Los de gana son, ya lo sabemos, los que se han considerado como izquierda abertzale, los separatistas pasivos o activos. Si sobre la pesada carga tributaria con que a todos nos castiga el gobierno consienten en pagar un plus tan gravoso y en que se lo quiten con el falso nombre de impuestos, allá ellos. Pero en este caso se trata de un delito; y un delito grave porque con esos fondos se están financiando las actividades criminales de la banda, se les está suministrando los fondos que van a utilizar para matar a nuevas víctimas y para extorsionar a los que no pagarían de grado nuevos impuestos. Dicen (o decían y nosotros seguimos pensando que es lo correcto) que el mismo delito comete el autor que el cómplice, luego habrá que calificarles de cómplices y aplicarles el mismo tratamiento penal.

Los que pagan aterrorizados por las consecuencias que puede traer su negativa, que es la muerte por asesinato del secuestrado o del empresario que se niega, están en un caso muy distinto. Saben por lamentable experiencia que la amenaza se cumple de manera fulminante porque ya lo han conocido en muchas, en muchísimas, en demasiadas ocasiones. El miedo es mal consejero, en especial cuando asciende a la escala de terror. Y han visto en todas las ocasiones que el Gobierno no va a poner, como jamás ha puesto, las medidas para defendernos del injusto agresor. Y el terror es una chispa eléctrica que se pasea impune por toda la sociedad y la paraliza. Pero es que el pueblo tiene el sagrado derecho a aterrorizarse cuando se ve desamparado ante la muerte, cuando siente que los poderes públicos no defienden su vida como debieran, como tiene el sagrado deber de defenderla, ante las amenazas del delincuente. Y paga, ¡ya lo creo que paga! ¿Quién de vosotros, incluso, quién de los titulares del poder, no pagaría ante una tal coacción y ante una tal indefensión? Suponeos que secuestran a vuestro padre, a vuestro hijo, a vuestro hermano y que os piden una suma casi imposible de reunir para su liberación. Y sabéis que la amenaza se cumplirá irremisiblemente si no pagáis. ¿No haréis todo lo necesario, venta de vuestros bienes, endeudamiento hasta lo que se nos permita, petición de ayuda a todo vuestro entorno, para recaudar la cifra exigida y pagarla, entregarla a los asesinos?
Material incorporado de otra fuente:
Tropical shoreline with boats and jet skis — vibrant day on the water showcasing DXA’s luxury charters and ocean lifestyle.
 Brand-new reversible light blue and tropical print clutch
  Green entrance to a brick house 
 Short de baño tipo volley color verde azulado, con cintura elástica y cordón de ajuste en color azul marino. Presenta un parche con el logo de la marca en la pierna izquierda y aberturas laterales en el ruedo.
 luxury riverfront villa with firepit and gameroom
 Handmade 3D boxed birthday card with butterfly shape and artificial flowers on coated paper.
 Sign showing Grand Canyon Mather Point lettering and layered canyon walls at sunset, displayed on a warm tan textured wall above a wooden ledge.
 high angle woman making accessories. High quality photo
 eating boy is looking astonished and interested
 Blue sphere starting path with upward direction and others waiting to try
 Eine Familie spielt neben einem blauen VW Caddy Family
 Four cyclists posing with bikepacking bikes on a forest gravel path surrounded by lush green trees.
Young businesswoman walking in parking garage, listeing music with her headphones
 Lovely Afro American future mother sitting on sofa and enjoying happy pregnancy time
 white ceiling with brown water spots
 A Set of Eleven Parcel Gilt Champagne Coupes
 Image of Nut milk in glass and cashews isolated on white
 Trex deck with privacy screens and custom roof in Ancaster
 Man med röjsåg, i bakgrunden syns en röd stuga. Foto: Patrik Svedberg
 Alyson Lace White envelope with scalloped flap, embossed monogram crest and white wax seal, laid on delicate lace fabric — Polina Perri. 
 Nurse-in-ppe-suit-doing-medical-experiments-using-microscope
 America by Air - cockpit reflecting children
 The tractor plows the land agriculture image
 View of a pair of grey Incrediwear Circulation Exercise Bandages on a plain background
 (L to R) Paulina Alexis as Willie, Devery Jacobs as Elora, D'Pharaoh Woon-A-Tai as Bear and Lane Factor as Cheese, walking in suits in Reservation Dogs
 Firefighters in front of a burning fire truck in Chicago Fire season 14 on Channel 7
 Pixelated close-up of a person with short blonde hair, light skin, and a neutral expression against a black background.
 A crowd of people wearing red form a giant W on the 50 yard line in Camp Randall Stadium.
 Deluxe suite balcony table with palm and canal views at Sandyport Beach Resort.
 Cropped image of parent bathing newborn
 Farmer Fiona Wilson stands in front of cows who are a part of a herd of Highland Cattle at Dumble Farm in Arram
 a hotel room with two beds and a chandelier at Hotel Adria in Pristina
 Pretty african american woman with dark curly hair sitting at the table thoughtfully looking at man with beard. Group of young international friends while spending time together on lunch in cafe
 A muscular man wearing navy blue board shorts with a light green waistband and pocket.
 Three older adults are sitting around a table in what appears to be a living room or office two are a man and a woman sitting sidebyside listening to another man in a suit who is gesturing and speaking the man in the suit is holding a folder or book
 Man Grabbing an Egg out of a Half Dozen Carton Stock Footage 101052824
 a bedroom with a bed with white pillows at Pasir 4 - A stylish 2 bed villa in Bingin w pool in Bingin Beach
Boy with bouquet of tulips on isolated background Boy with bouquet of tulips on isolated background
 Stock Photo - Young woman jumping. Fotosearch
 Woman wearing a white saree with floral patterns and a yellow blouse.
Es caso muy distinto que no se puede calificar como delito. Porque se produce gracias a la reiterada impasibilidad de los poderes públicos, por la falta de cumplimiento de sus deberes sagrados. El primer delito es el de los poderes; el otro, inducido, no puede imputarse a quien se ha limitado a ser una simple víctima.
Cierto que hay casos en los que las fuerzas públicas, las llamadas fuerzas de orden, aprehenden al agresor y lo ponen a disposición judicial. Pero aún en éstos, vemos con horror que saldan sus culpas con macrocondenas que se cumplen con unos pocos años de prisión, con salidas inexplicables. Efecto que multiplica y justifica el miedo porque el desamparo queda más claro, más al descubierto. Cuando es sorprendentemente liberado, el asesino se va a convivir en vecindad con sus víctimas y aún tiene la osadía y el descaro de burlarse de ellas, de insultarlas y amenazarlas, como ya hemos visto claramente en varias ocasiones. Con el mismo descaro con que se burlan de los jueces y los amenazan de muerte desde sus jaulas de cristal en las que se les aísla durante los juicios, nadie sabe por qué.

Pues bien, se busca y se inculpa a la víctima que actúa bajo el terror que constituye un atenuante muy cualificado. Y se le culpa por el pago del tal impuesto. Y nunca se busca al donante voluntario que ocultará cuidadosamente su acción delictiva por muchas razones; de esas que pagan con gusto, nunca hemos sabido ni jamás sabremos.
¿Que cómo vamos a distinguir al voluntario del aterrorizado? Esa es la labor de la Policía, que cuenta con los procedimientos y los medios necesarios para averiguarlo si sus investigaciones son serias y cumplen con la función que le ha sido asignada.

Y no quiero con ello inculpar a las fuerzas de orden público, al menos a sus servidores de más bajo escalafón: porque sabido es ya que muchas veces sus mandos les han obligado a mirar al Sur, cuando los ejecutores de las órdenes sabían que estaban al Norte.

Todo un rosario de disparates lamentables a cuya vista tenemos el deber y el derecho a preguntarnos qué es lo que está pasando.